Goals and Objectives 

Our goal is to integrate the results from science data 
management, visualization, and knowledge-based 
assistants into a scientific environment; to demonstrate 
this environment using real-world NASA scientific 
problems; and to transfer the results to science 
investigators in the appropriate disciplines. 

The specific objectives of the DataHub work are to. 

1. Define and develop annntegrated system that is 
responsive to the science co-investigator's needs. 

2. Demonstrate the interim capabilities to the 
participating science users of the system in order to 
receive their suggestions. 

3. Transfer the results of this effort to a broad base of 
science investigators as appropriate. 

4. Provide a system that will enable the science 
investigator to obtain publishable scientific 
information. 


Emerging Relationships 

As illustrated in Figure 1, LinkWinds is providing two 
functions: (1) a visual data exploration or analysis 
environment; and (2) visual browsing and subsetting 
services.
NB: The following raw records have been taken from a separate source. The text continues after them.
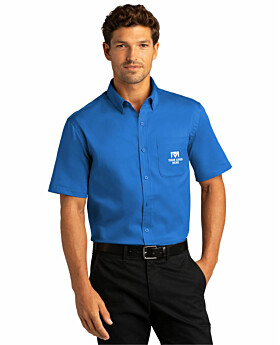 Port Authority W809 Short Sleeve SuperPro React Twill Shirt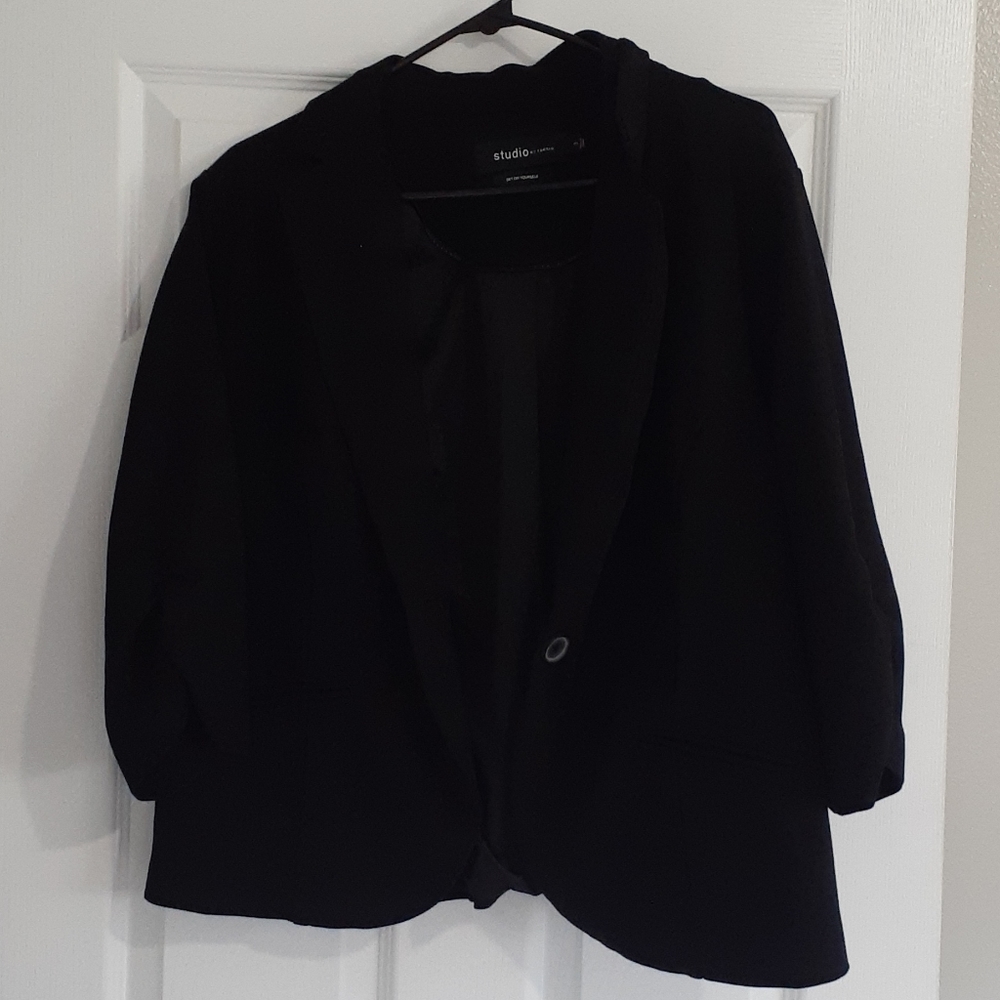 3/4 sleeve business jacket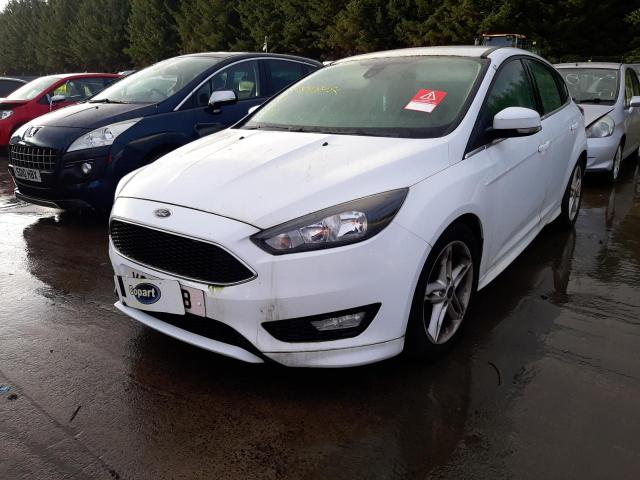 2015 FORD FOCUS ZETE for sale at Copart WHITBURN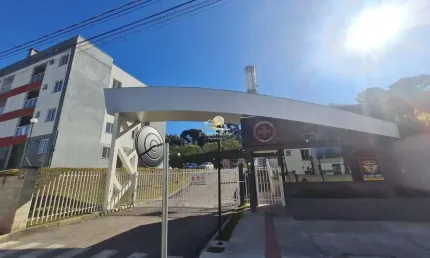 Apartamento com 2 quartos para alugar na Rua Ângelo Zaneti, 75, Loteamento Itaboa, Campo Largo por R$ 1.550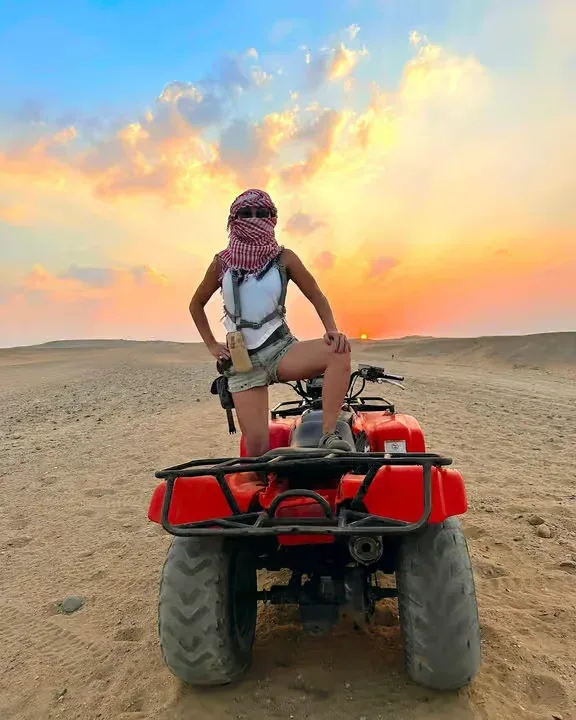 Private Quad Biking, Camel Ride, Stargazing & VIP BBQ Dinner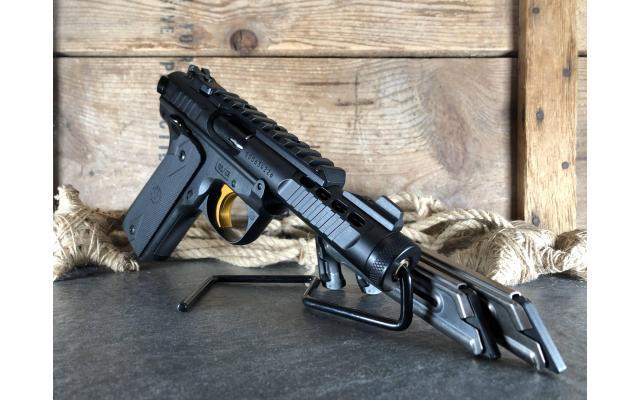 New Ruger MKIV 22/45 .22LR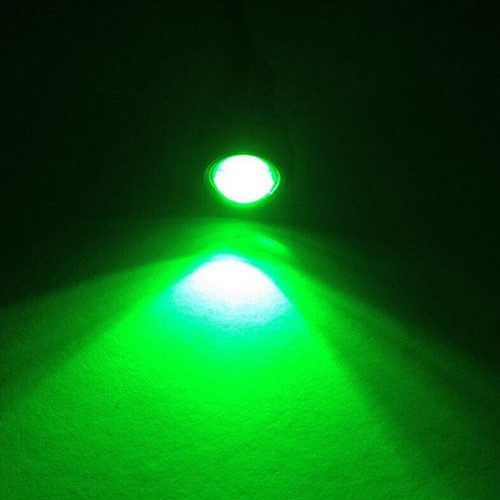 10St. Adlerauge Lampen LED DRL Nebel Tagfahrlicht Auto Licht Schwanz Backup 18mm - Picture 15 of 19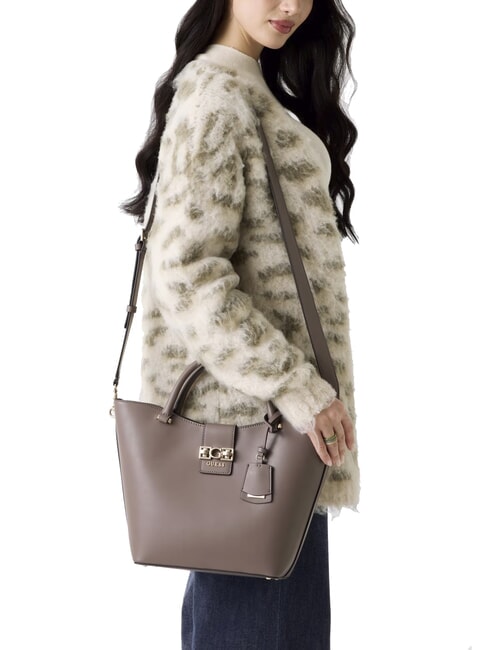 JANE Tragetasche mit Schultergurt Lotus - Damentaschen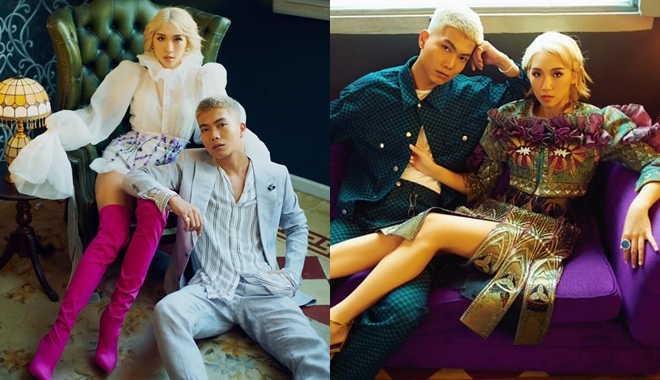 Bộ ảnh "mình là một cặp đôi đẹp nhất thế gian" của Big Daddy - Emily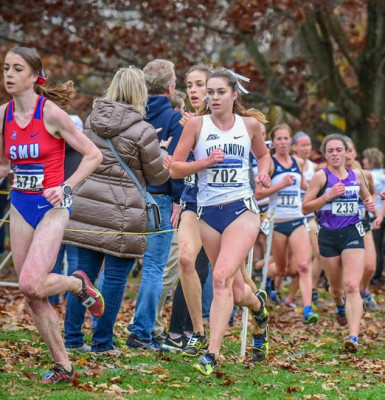 Hutchinson will look to lead the Wildcats after a breakout track season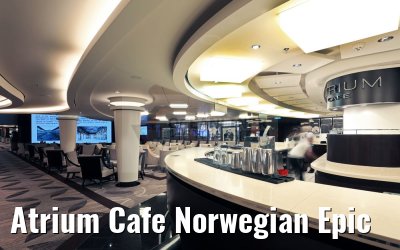 Atrium Cafe Norwegian Epic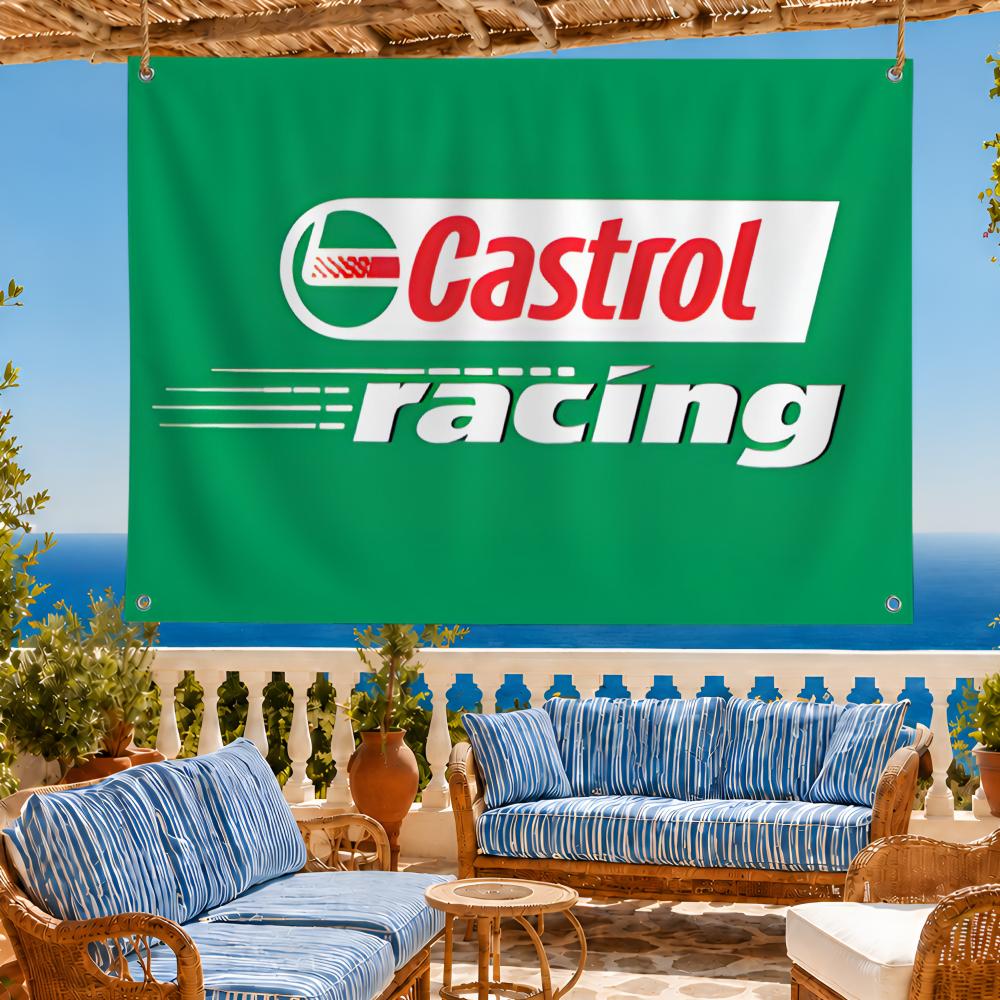 Auto-Marken C-Castrol Fahnen,  – Outdoor Camping Brand Bewertung und Preis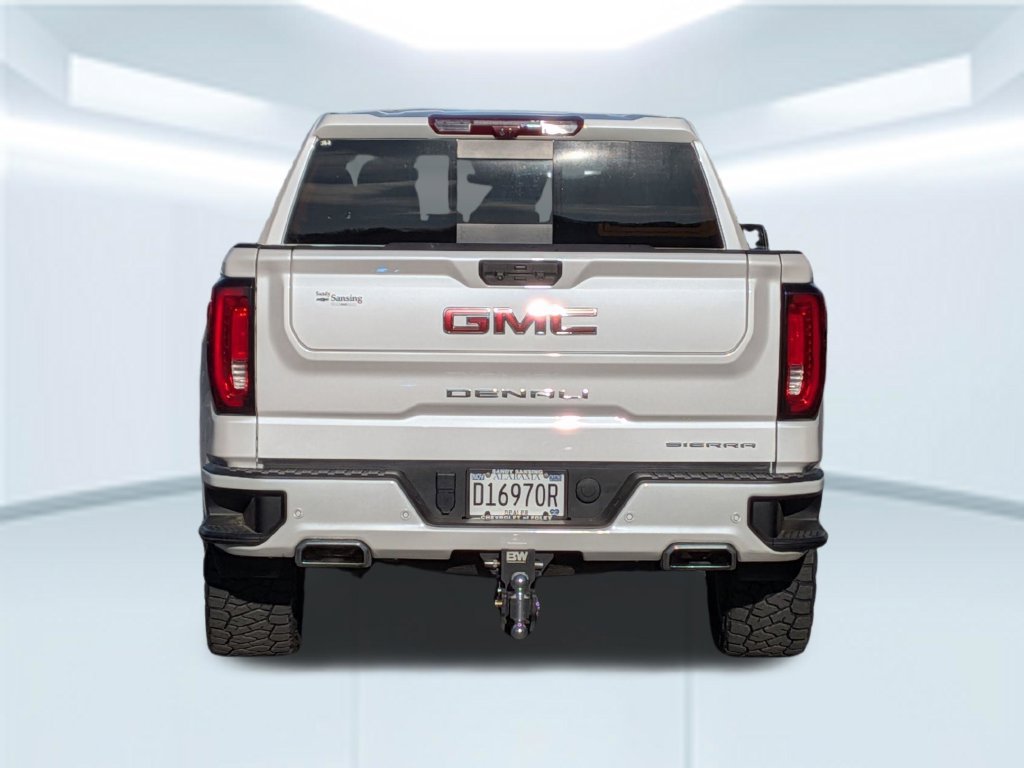 Used 2024 White GMC Denali image 5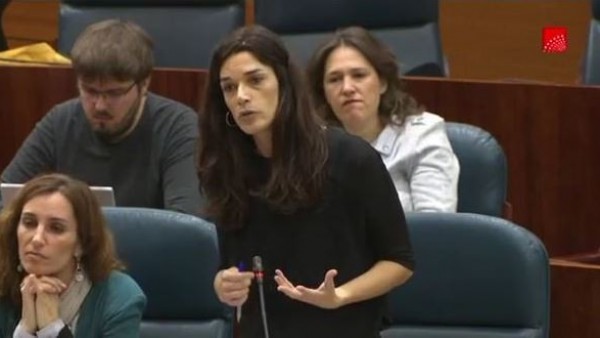 Clara Serra en la Sesión de Control 12 de diciembre Clara Serra en la Sesión de Control 12 de diciembre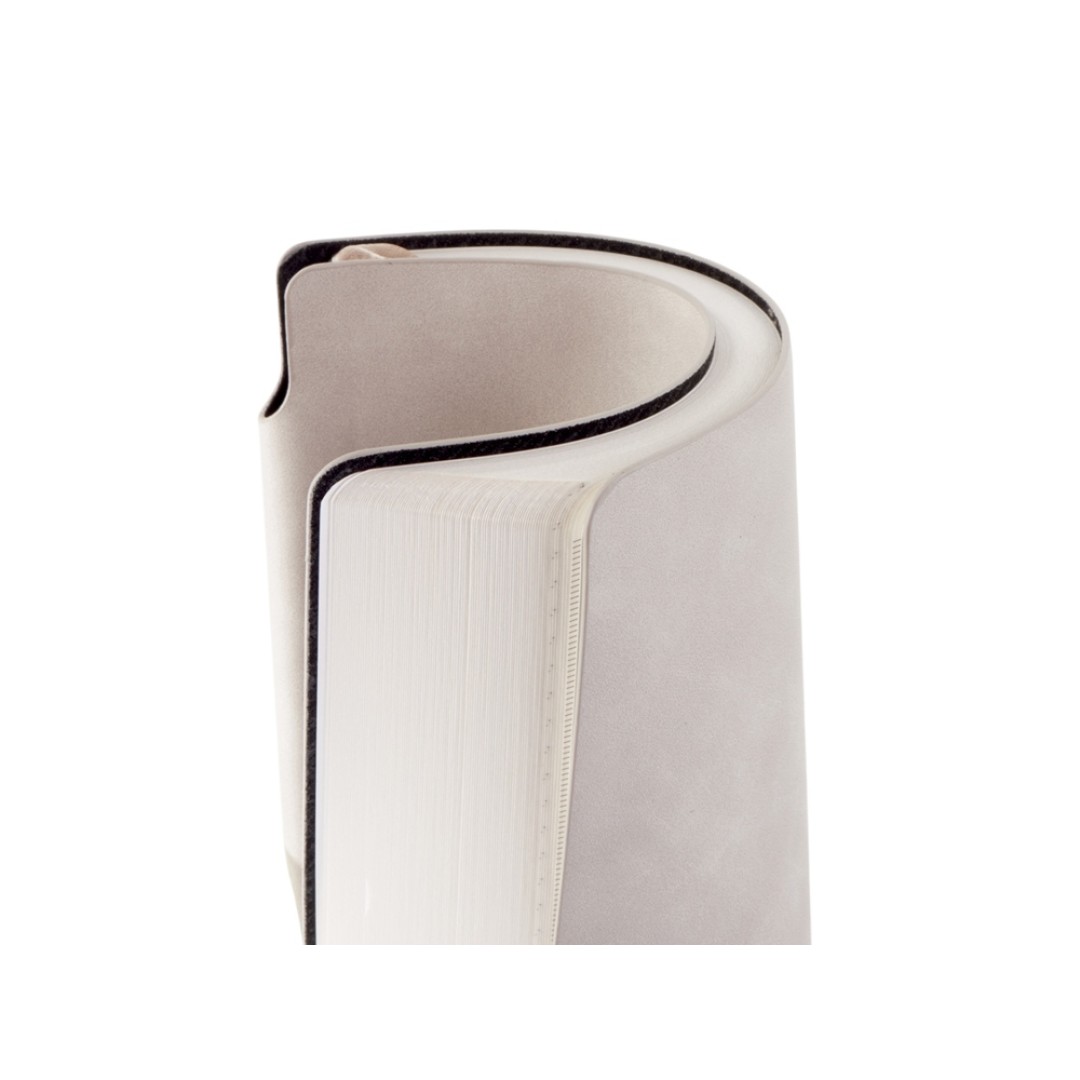 Блокнот А5 "Notepeno Max", 96 листов 80 гр/м2 белой FSC бумаги, бежевый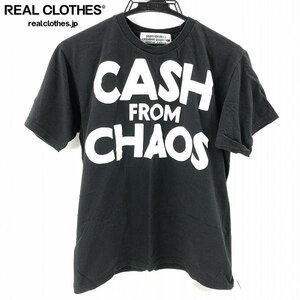 ☆SEDITIONARIES REPRODUCED BY 666/セディショナリーズ CASH FROM CHAOS Tシャツ L /UPK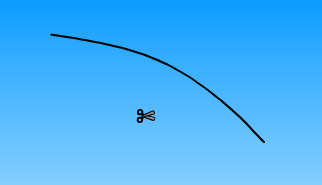 String Avoider Deluxe: tragitto, pareti
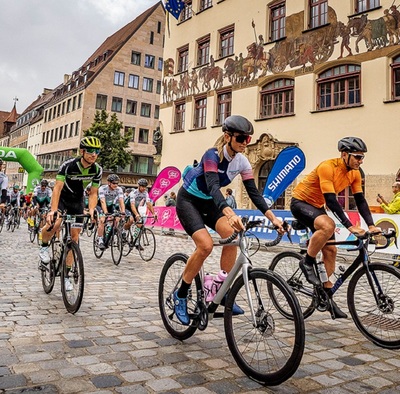 Foto zu dem Text "Jedermann-Tour: Mit Nadine und Marcel auf den Spuren der Profis"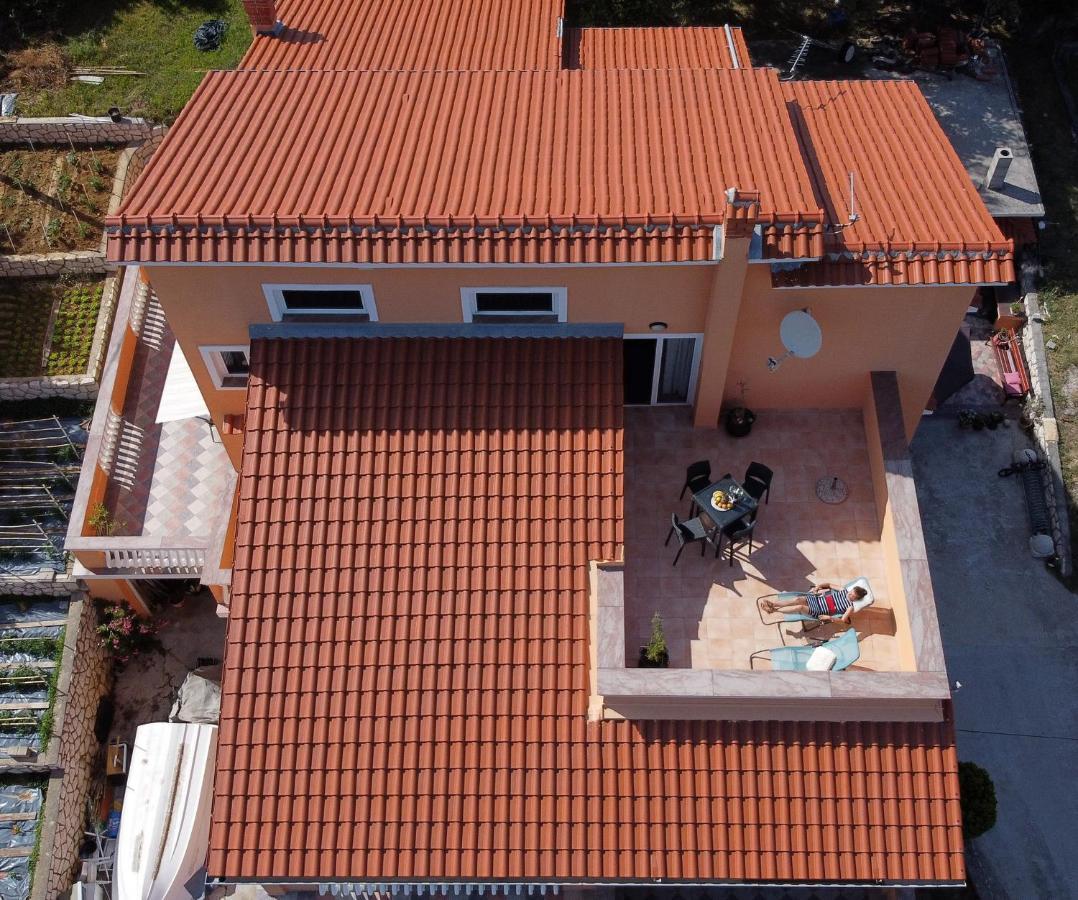 Apartman Precca Supetarska Draga Dış mekan fotoğraf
In the first function, LinkWinds will be notified 
via a message of the presence of data. The existence of 
this data will be incorporated into the LinkWinds 
database menu and, hence, be made available to the user 
immediately. The second function will be used when it 
is more convenient to graphically select the subsetting 
attributes. After selection of the attributes, a message 
will be sent to DataHub, the filtering accomplished, and 
the results re-submitted to LinkWinds for analysis. 

A new link is being established with PolyPaint+. 
PolyPaint+ will provide a interactive visualization of 


complex data structures within three-dimensional data 
fields, in addition to visual subsetting services. 
Interactions with PolyPaint+ will require DataHub to 
expand its understanding of formats and data, and to 
provide different filtering capabilities. 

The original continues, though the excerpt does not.